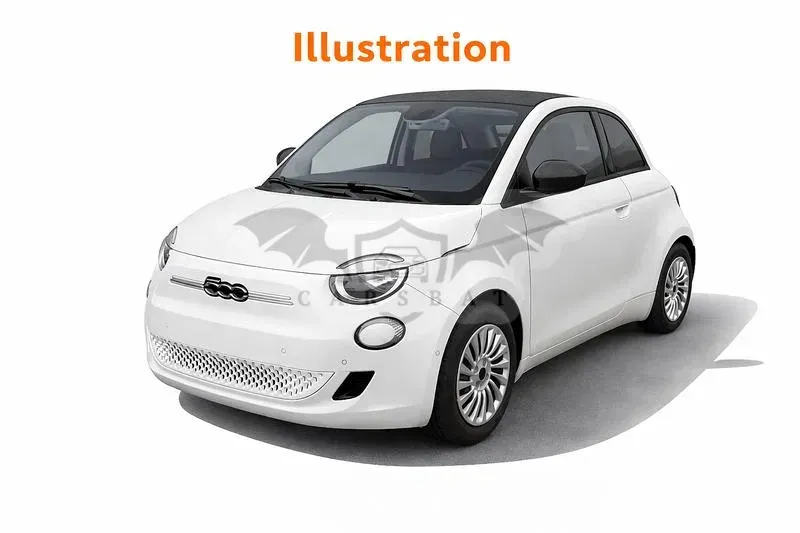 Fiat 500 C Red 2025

...

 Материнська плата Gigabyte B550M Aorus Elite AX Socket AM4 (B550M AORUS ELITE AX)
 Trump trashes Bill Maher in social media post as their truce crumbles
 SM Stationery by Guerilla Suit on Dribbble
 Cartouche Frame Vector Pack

**Problem statement**
Print exactly the lines of the listing above starting at the line containing "Trump trashes Bill" and ending at the line containing "Cartouche Frame Vector Pack", both included.

**Task solution**
 Trump trashes Bill Maher in social media post as their truce crumbles
 SM Stationery by Guerilla Suit on Dribbble
 Cartouche Frame Vector Pack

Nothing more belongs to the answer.